Problem description:
No line before the one holding "Vente maison 9" is wanted; restate word for word that line and all lines after it to the end of the entries, excluding pictures.

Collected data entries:
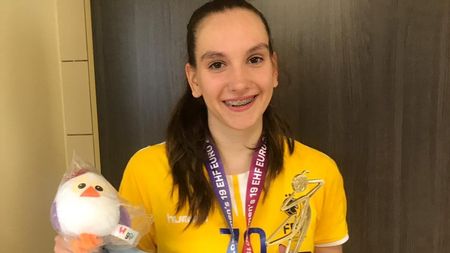 Urmașă pentru Cristina Vărzaru, Ramona Farcău și Ada Nechita! O jucătoare din naționala de tineret a fost inclusă în echipa ideală a Campionatului European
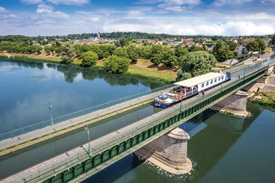 Crossing the Briar Aqueduct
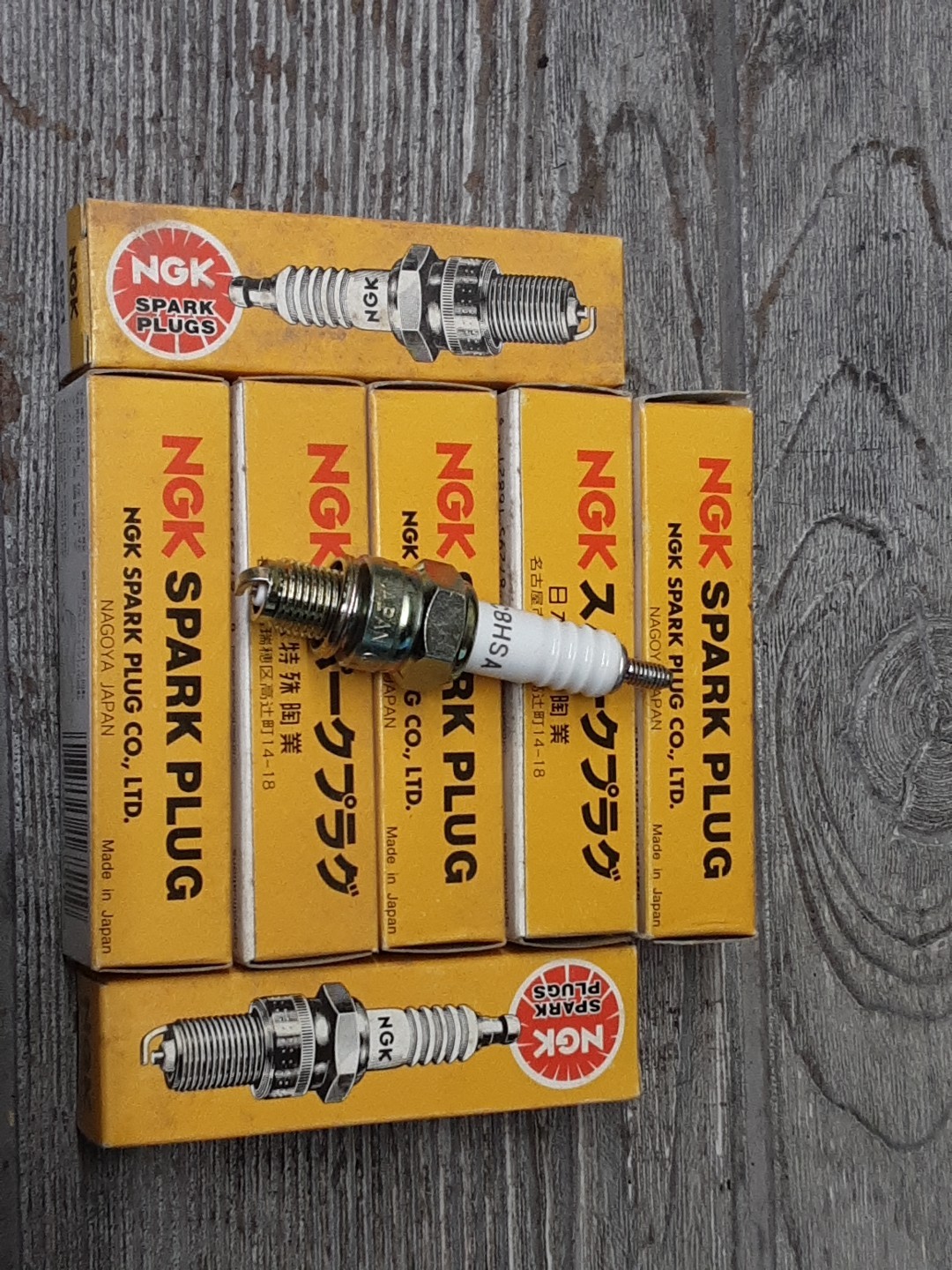 NGK SPARK PLUG 6821 C8HSA KAWASAKI NINJA 250R MOTORCYCLE SCOOTER SHIPS FREE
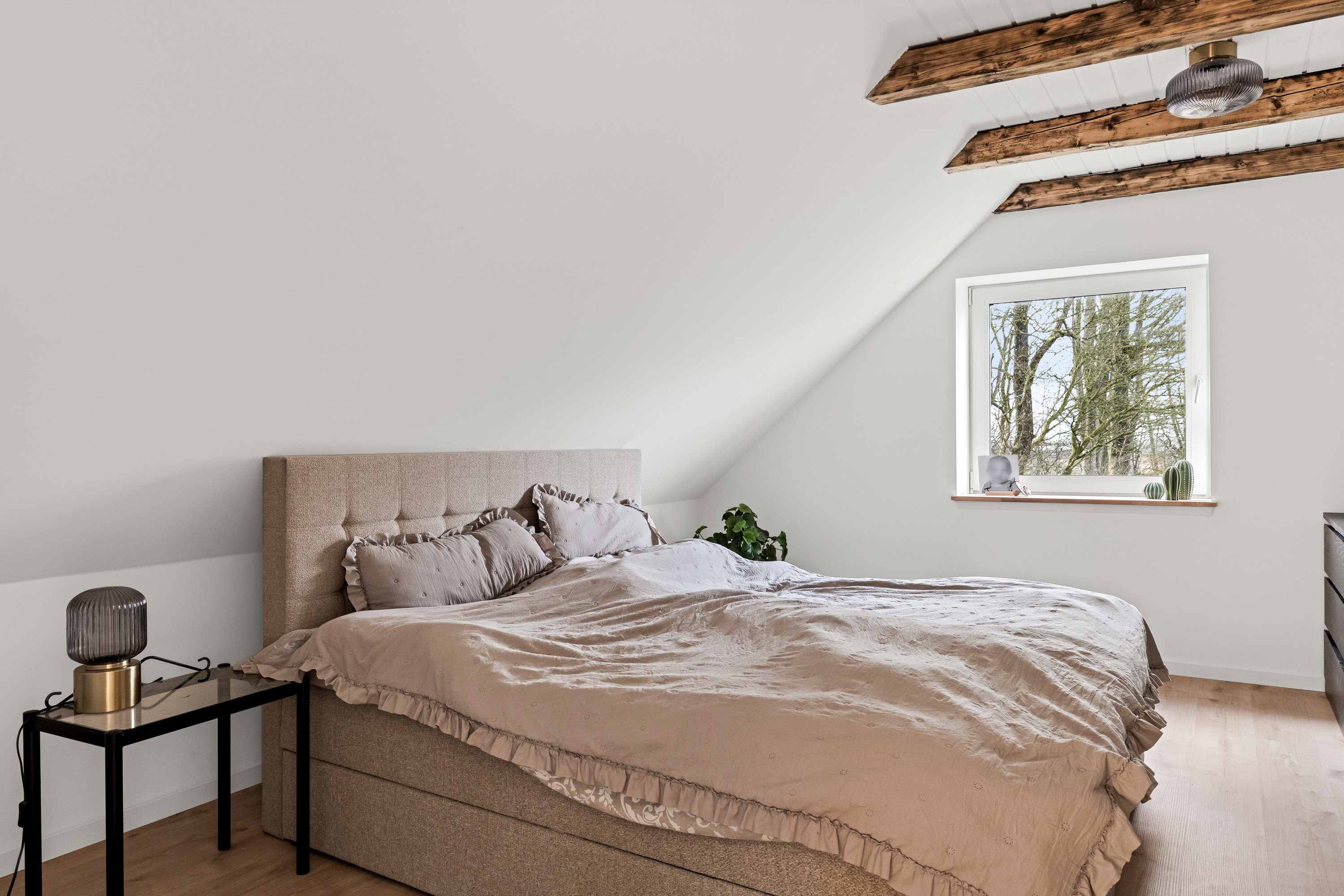 Fremhævet soveværelse billede i fuldskærmstilstand. Billede af Povlskrovej 45, Overby, 6780 Skærbæk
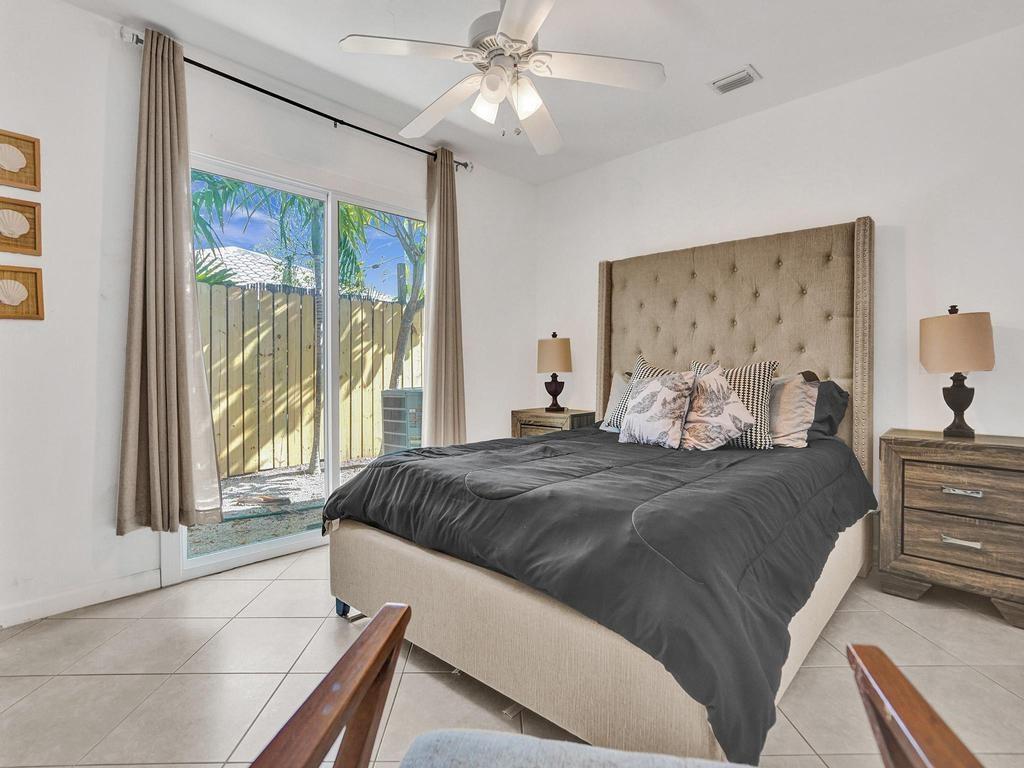 Silver Shores Sec Of Laud - Residential Lease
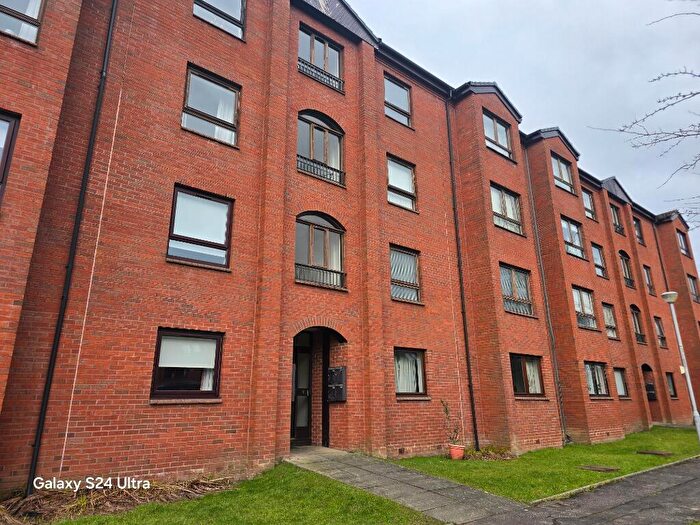 2 Bedroom Flat To Rent In Sandbank Crescent, Glasgow, G20
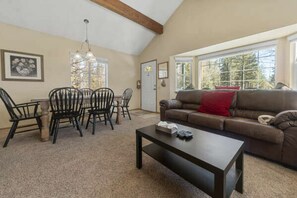 Living area - Karins Cottage (Big Bear Lake)
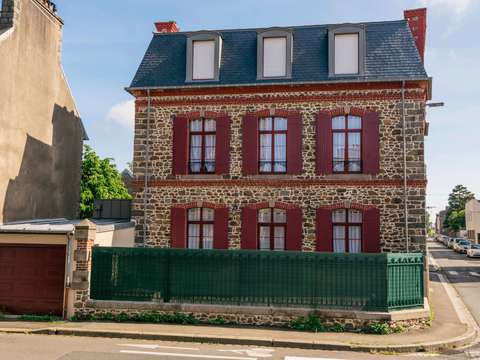 Vente maison 9 pièces Saint-Brieuc Cesson, Le Légué, St Michel E/O 22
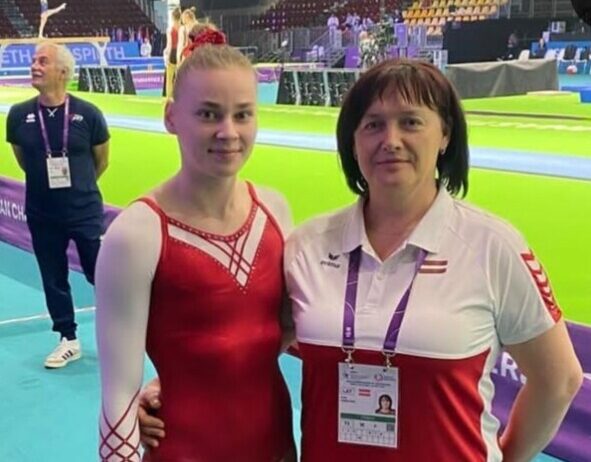 Video: Liepājas sporta vingrotājas Marijas Petrovas vārdā nosaukts elements uz līdztekām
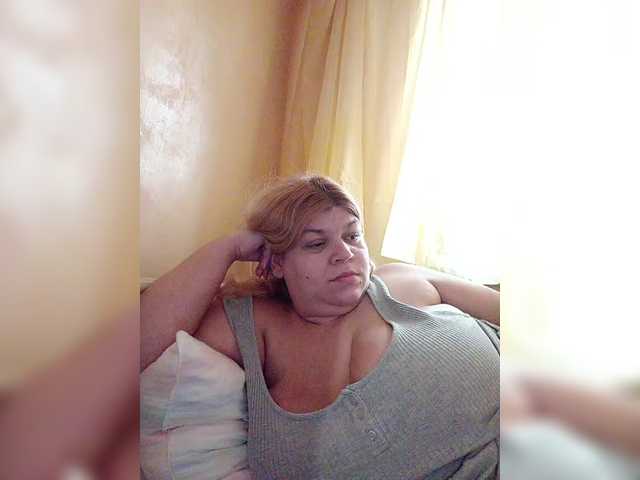 buniaya123's BongaCams show and profile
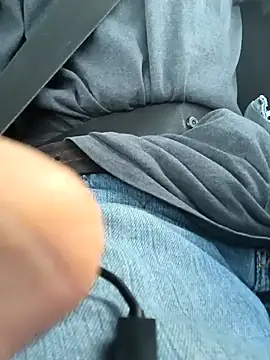 Snapshot of SirDirty34 chatting on November 2025 11:19:02 PM SirDirty34 online show from November 2025 11:19:02 PM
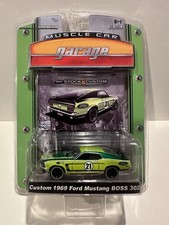 GREENLIGHT MUSCLE CAR GARAGE CUSTOM 1969 FORD MUSTANG BOSS 302 GREEN MACHINE 🔥
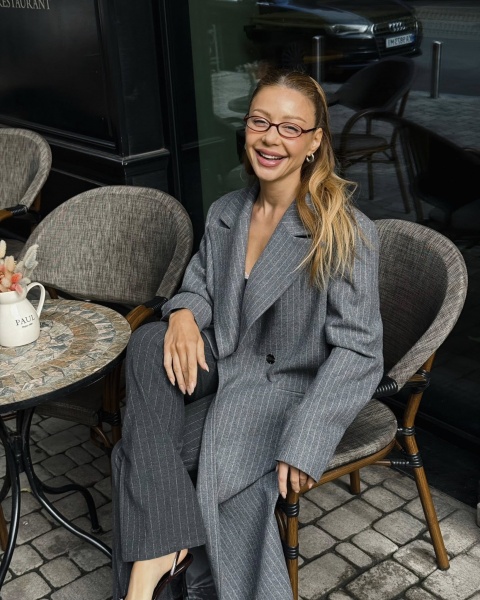 Ukrainian singer nails chic outfit ideal for work and social occasions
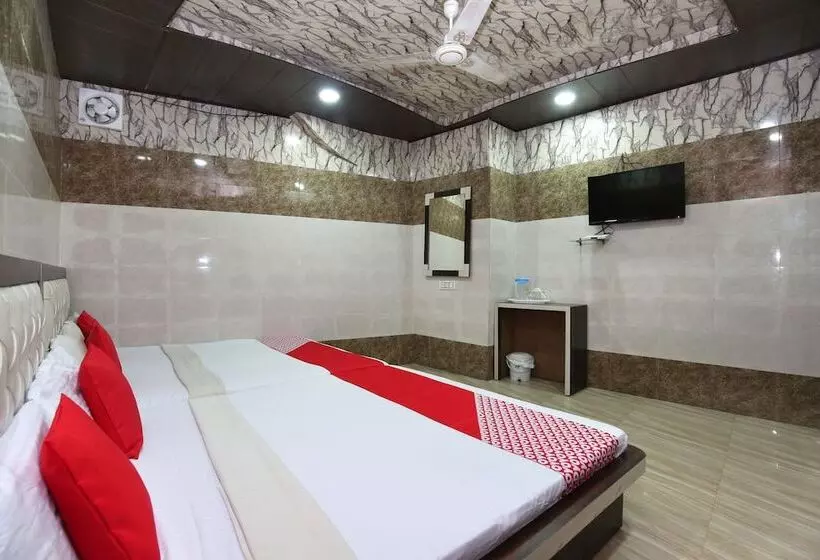 هتل Rr Residency By Oyo Rooms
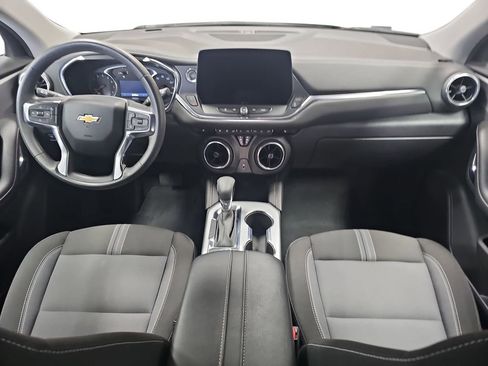 Used 2025 Chevrolet Blazer LT AWD/4WD image 9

Expected output:
 Vente maison 9 pièces Saint-Brieuc Cesson, Le Légué, St Michel E/O 22
 Video: Liepājas sporta vingrotājas Marijas Petrovas vārdā nosaukts elements uz līdztekām
 buniaya123's BongaCams show and profile
 Snapshot of SirDirty34 chatting on November 2025 11:19:02 PM SirDirty34 online show from November 2025 11:19:02 PM
 GREENLIGHT MUSCLE CAR GARAGE CUSTOM 1969 FORD MUSTANG BOSS 302 GREEN MACHINE 🔥
 Ukrainian singer nails chic outfit ideal for work and social occasions
 هتل Rr Residency By Oyo Rooms
 Used 2025 Chevrolet Blazer LT AWD/4WD image 9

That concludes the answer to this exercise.